Actually, the given method for solving this problem does more than just bother me, it scares me.
 "Geometry", written by Ron Larson and Laurie Boswell, published by Big Ideas Learning LLC. See page 189 of PDF file at: http://www.bigideaslearning.com/for-reviewers/texas/geo_pe/hstx_geometry_pe_04.pdf
I remember I came across this problem at Grade 7. That is exactly how we taught to solve the problem. Find the solution very intuitive. :)
Given the unrestricted definition of this problem I would like to park in the arts and crafts store giving both AB
KISS = Keep it Simple Silly.
This problem solving reflects somebody has lost their natural way of thinking and relies heavily on copycat pseudo-scientific approach.
We can just write AC+BC as function of C point.
AC =sqrt(h^2+ (1-C)^2)
BC = sqrt(h^2 + C^2)
Here h is distance between line m and points A and B, C is C point coordinate from 0 to 1.
Minimum will be if Derivative AC+BC corresponds to C will be 0.
From direvative equation we will have that 1-C =C.So C =0.5
Hi dsplib. I agree with you. If you're interested in my solution, just scroll down in this thread.
On the other hand, getting a bit persnickety, depending on who is driving, whether you pull in forward or back in would have a larger impact on the total walking distance than the choice of parking spaces between the two stores.

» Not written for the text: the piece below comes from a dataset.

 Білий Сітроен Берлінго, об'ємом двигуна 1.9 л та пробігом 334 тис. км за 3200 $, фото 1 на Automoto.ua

For extra credit, assume your friend walks slower and there are many more parking spaces between the stores, find the space that minimizes the combined walking time.
Hi. Are you saying there is more than one correct answer to this minimization problem?
The first paragraph is the same sentiment as SteveSmith's comment below. Showing alternatives to the final solution would better show why the final solution is optimal.
The second paragraph is a somewhat obtuse commentary that the mathematical model isn't a very good fit of the physical situation. Not to mention the difference between the discrete range of real world answers (individual parking spaces) versus the continuous nature of the mathematical model. The discrete vs continuous case is very on topic for DSP discussions.
The third paragraph is an allusion to the derivation of Snell's Law.
As a side note, the solution reminds me of the "mirror trick" you can use when aiming a bank shot in pool.
I was hoping you could clarify why you say the book's solution is wrong.
Hi. If you're interested in my solution, just scroll down in this thread.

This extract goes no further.